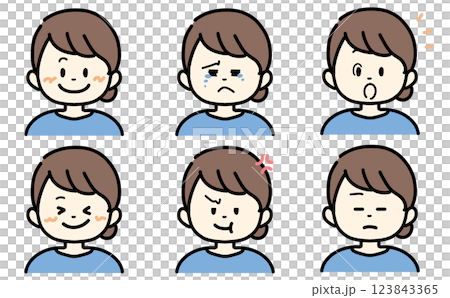 Illustration set of women with various expressions, women wearing blue clothes, illustrations of joy, anger, sadness and happiness 123843365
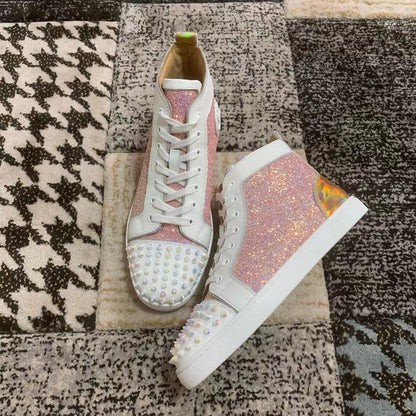Christian Louboutin Alb Roz Spikes High - prezentare produs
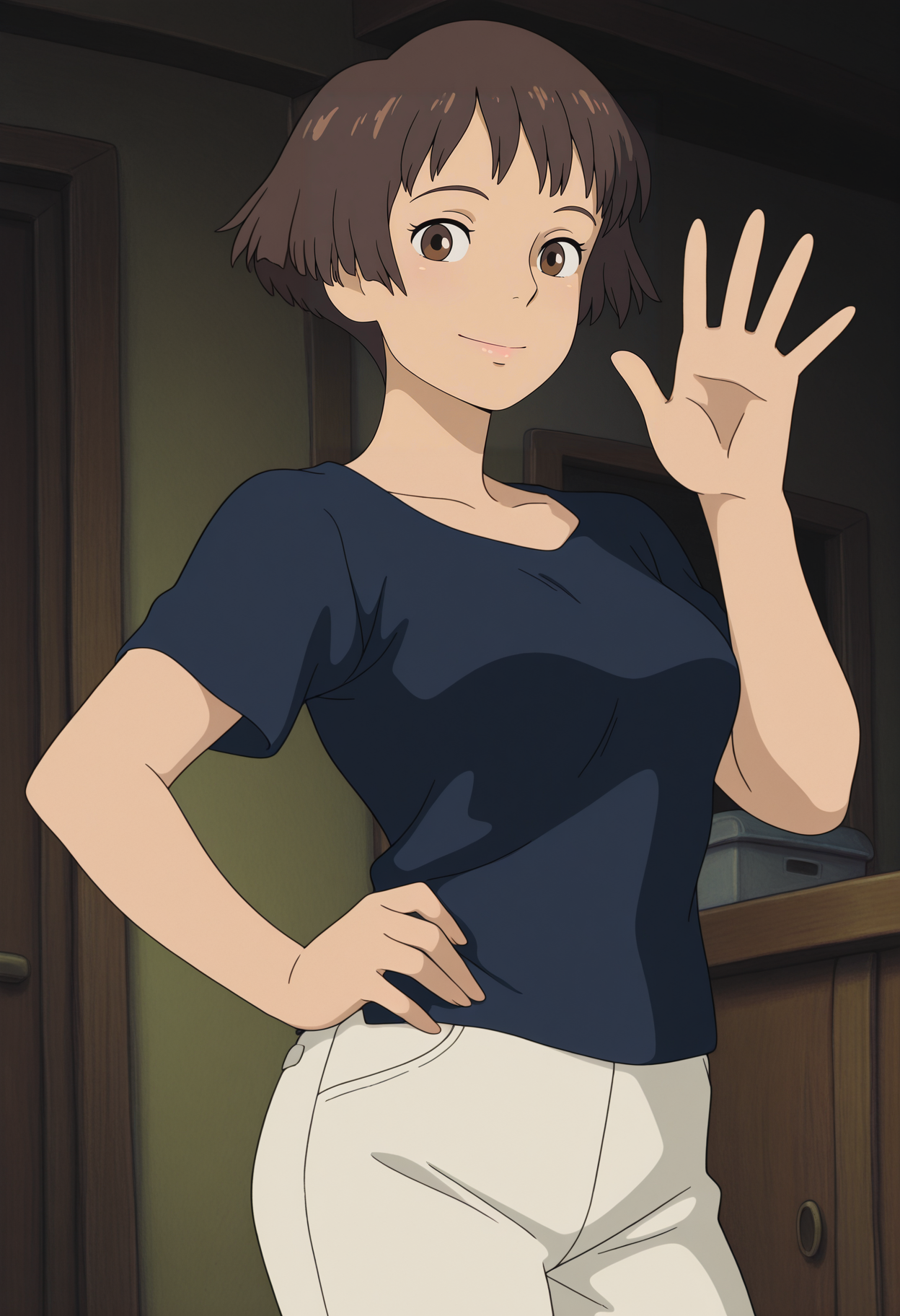 1girl,solo,mm,mature female,brown hair,short hair,brown eyes,anime coloring,
shirt,pants,waving, cowboy shot, indoors,looking at viewer, hand on own hip, 
,masterpiece,best quality,amazing quality,<lora:Lisa-Gake_no_Ue_no_Ponyo:0.8>
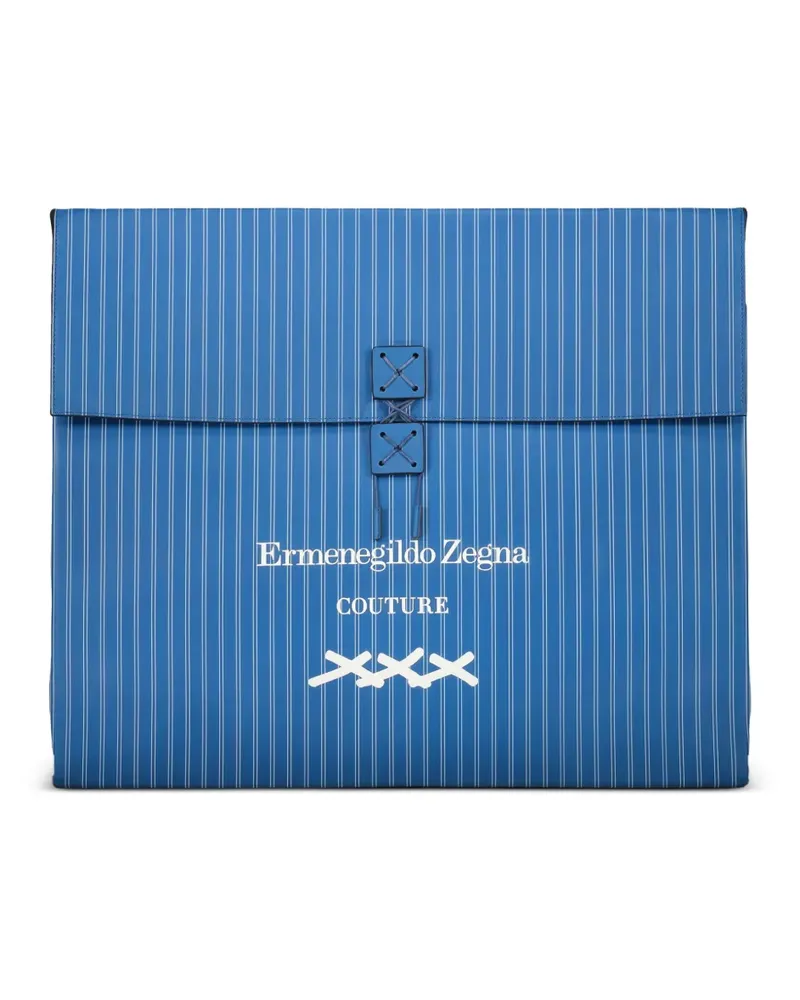 Ermenegildo Zegna Tote Bag mit Nadelstreifen - Blau Blau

* * * * *

Directions for this task: Give back the data verbatim. The pictures are not part of the copy.

Exercise output:
 Illustration set of women with various expressions, women wearing blue clothes, illustrations of joy, anger, sadness and happiness 123843365
Christian Louboutin Alb Roz Spikes High - prezentare produs
 1girl,solo,mm,mature female,brown hair,short hair,brown eyes,anime coloring,
shirt,pants,waving, cowboy shot, indoors,looking at viewer, hand on own hip, 
,masterpiece,best quality,amazing quality,<lora:Lisa-Gake_no_Ue_no_Ponyo:0.8>
 Ermenegildo Zegna Tote Bag mit Nadelstreifen - Blau Blau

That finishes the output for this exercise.